━━━━━ DATASET RECORDS
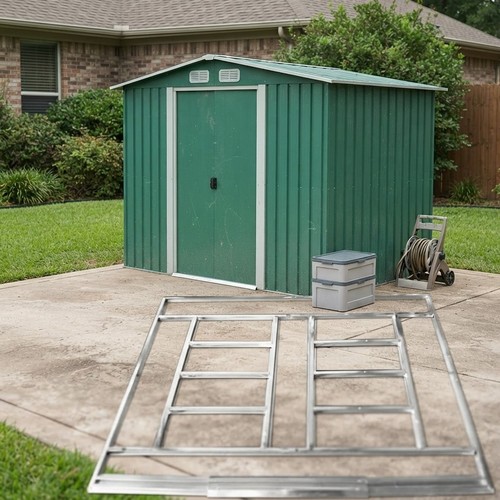 Durable metal outdoor storage - outdoor,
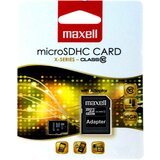Maxell memorijska kartica sa adapterom 8 gb sdhc cene
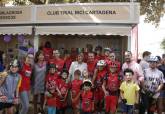 La alcaldesa ha asistido a la inauguración del XXI Encuentro Interasociativo y Mercadillo Artesanal Juvenil en Plaza de España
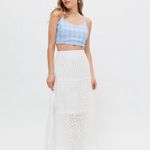 Urban Outfitters Daisy Street Tie-Shoulder Cropped Top NWT Photo 3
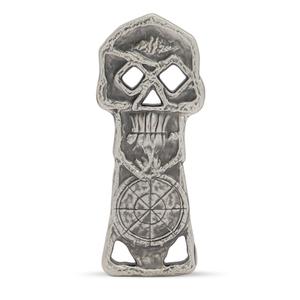 Niue / Silver Two Ounces 2025 The Goonies - Skeleton Key - reverse photo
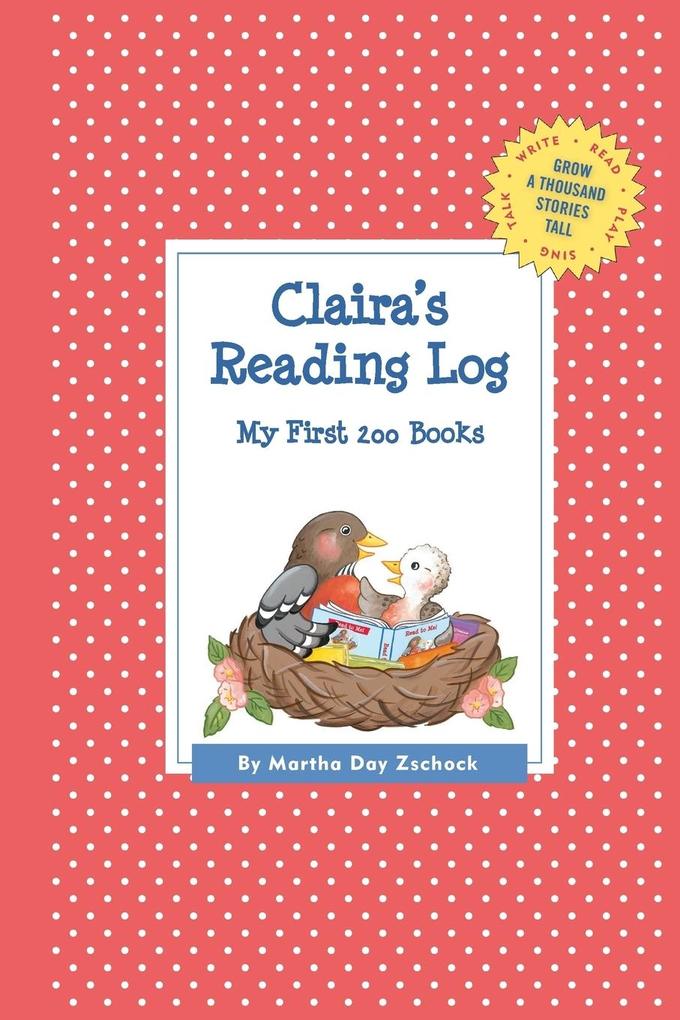 Claira's Reading Log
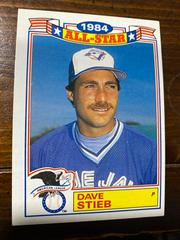 Dave Stieb #21 Baseball Cards 1985 Topps All Star Glossy Set of 22 Prices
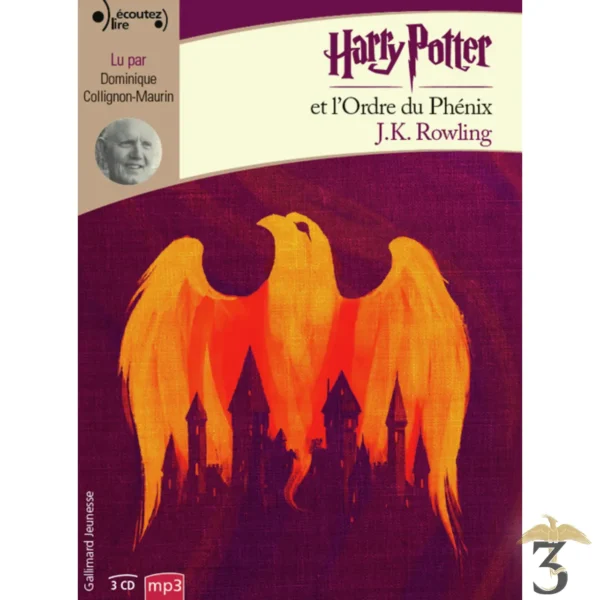Livre audio harry potter et l’ordre du phénix - Les Trois Reliques, magasin Harry Potter - Photo N°1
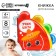 Book - a toy for the bath "Learn colors", with windows, crumb I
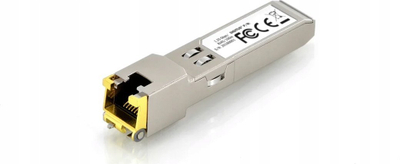 Modul SFP Digitus mini GBIC, 10Gbps, RJ45, i argjendtë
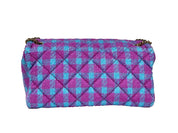 Versace Wool Lurex Medium Shoulder Crossbody Bag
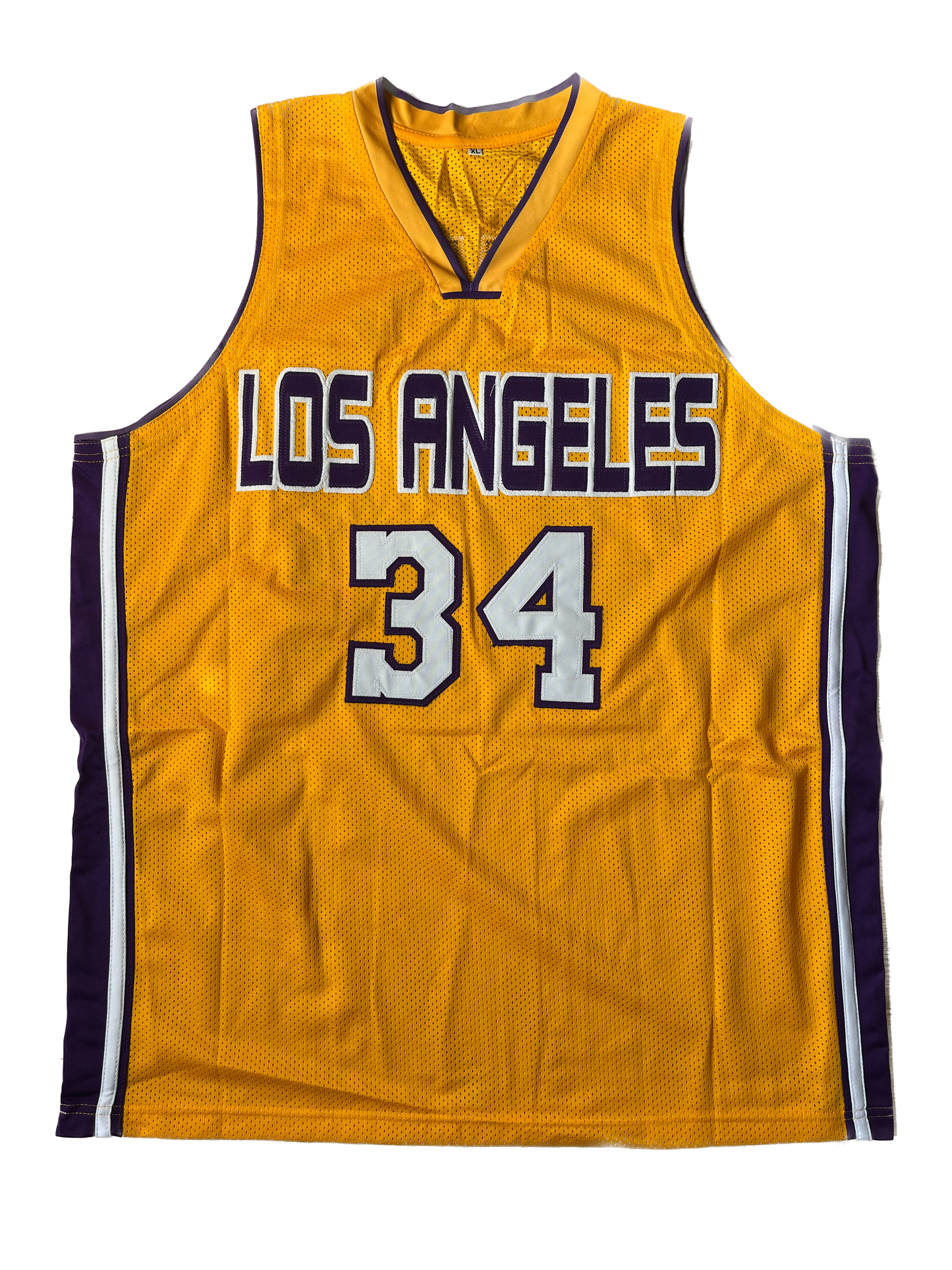 Shaquille O’Neal #34 Los Angeles Lakers signed jersey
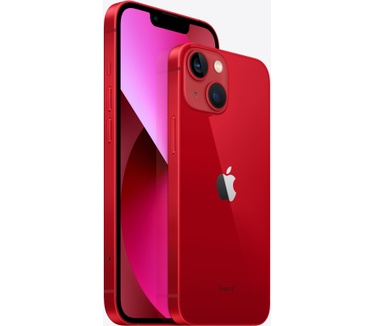 Apple iPhone 13 mini, 256GB opslag Rood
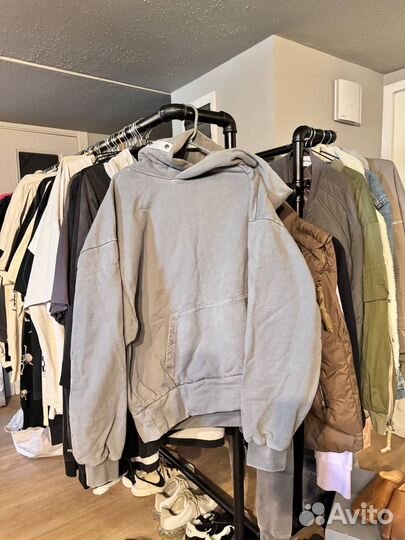 Худи D5OVE Grey Very Heavy Over Оригинал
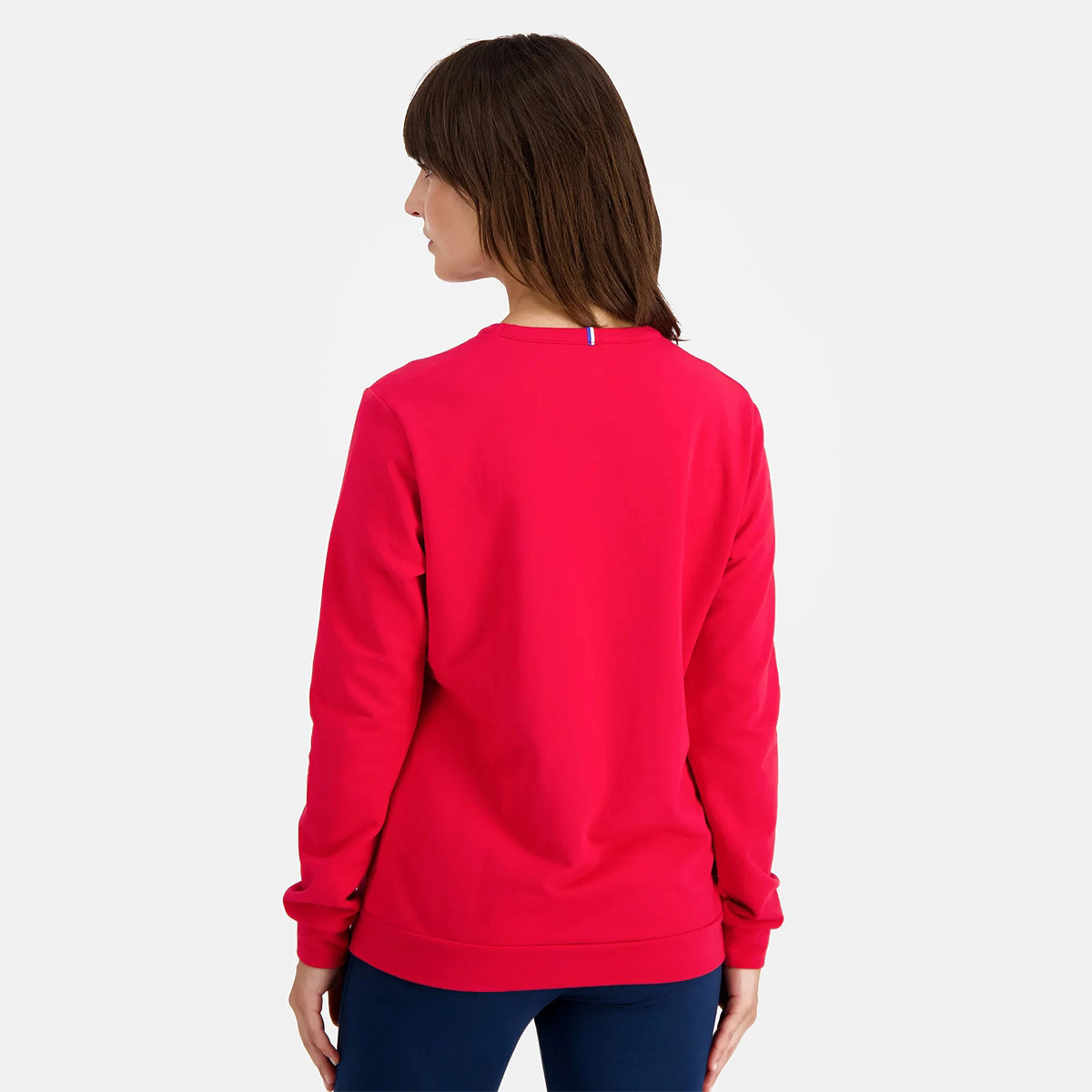 Sweat le coq 2025 sportif femme rouge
━━━━━━━━━━
PROBLEM REQUIREMENTS » Set down the data above verbatim, omitting every image.

THE ANSWER »
 Durable metal outdoor storage - outdoor,
Maxell memorijska kartica sa adapterom 8 gb sdhc cene
 La alcaldesa ha asistido a la inauguración del XXI Encuentro Interasociativo y Mercadillo Artesanal Juvenil en Plaza de España
 Urban Outfitters Daisy Street Tie-Shoulder Cropped Top NWT Photo 3
 Niue / Silver Two Ounces 2025 The Goonies - Skeleton Key - reverse photo
 Claira's Reading Log
 Dave Stieb #21 Baseball Cards 1985 Topps All Star Glossy Set of 22 Prices
Livre audio harry potter et l’ordre du phénix - Les Trois Reliques, magasin Harry Potter - Photo N°1
 Book - a toy for the bath "Learn colors", with windows, crumb I
 Modul SFP Digitus mini GBIC, 10Gbps, RJ45, i argjendtë
 Versace Wool Lurex Medium Shoulder Crossbody Bag
 Shaquille O’Neal #34 Los Angeles Lakers signed jersey
 Apple iPhone 13 mini, 256GB opslag Rood
 Худи D5OVE Grey Very Heavy Over Оригинал
 Sweat le coq 2025 sportif femme rouge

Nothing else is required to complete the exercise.